- **Work instruction**:
Leaving out every picture, please repeat exactly the line that contains "Man City Crest Large Enamel Pin Badge" and each line after it through the final line below.

[Extracted records]
---*---

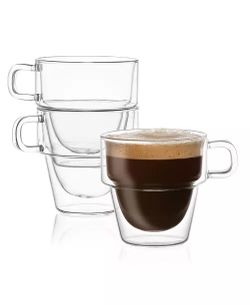 JoyJolt Stoiva Double Wall Glasses, Set of 3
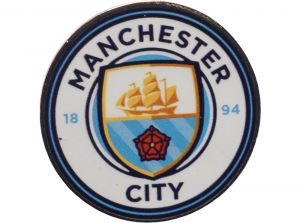 Man City Crest Large Enamel Pin Badge
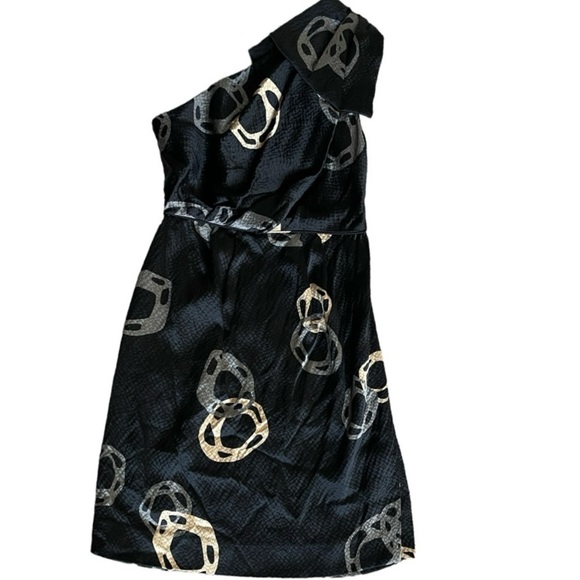 Barneys New York x Sariah Limited Edition Silk One-Shoulder Dress | Size 6 - Picture 3 of 6
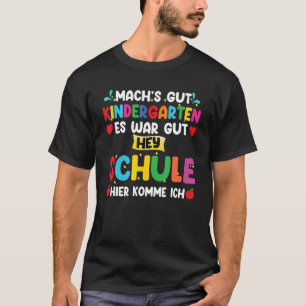 Camiseta Buenos días kindergarten Fue lindo Hey colegio est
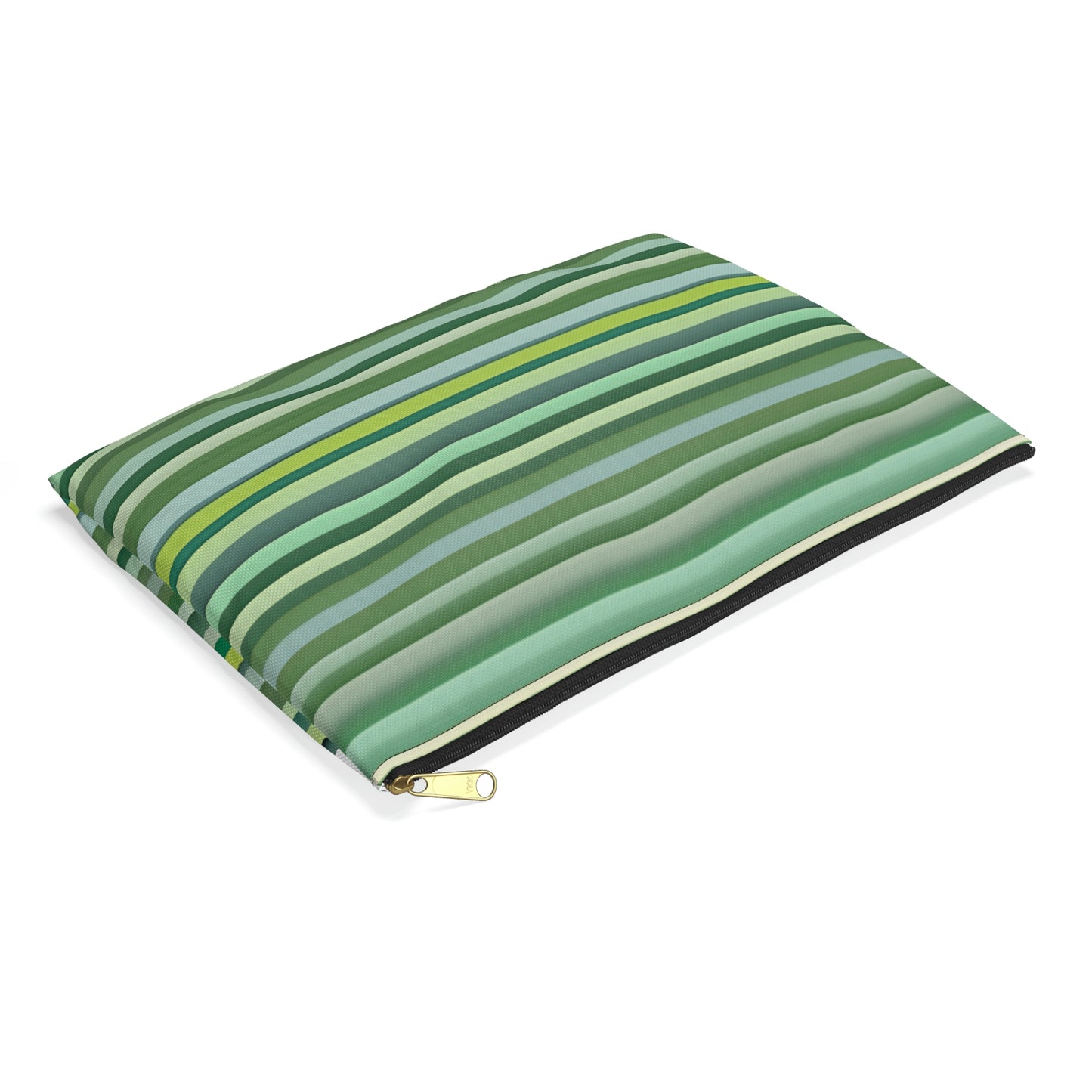 Colorful Striped Zipper Pouch: Organize Your Essentials with Style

---*---

- **Result for this task**:
 Man City Crest Large Enamel Pin Badge
 Barneys New York x Sariah Limited Edition Silk One-Shoulder Dress | Size 6 - Picture 3 of 6
 Camiseta Buenos días kindergarten Fue lindo Hey colegio est
 Colorful Striped Zipper Pouch: Organize Your Essentials with Style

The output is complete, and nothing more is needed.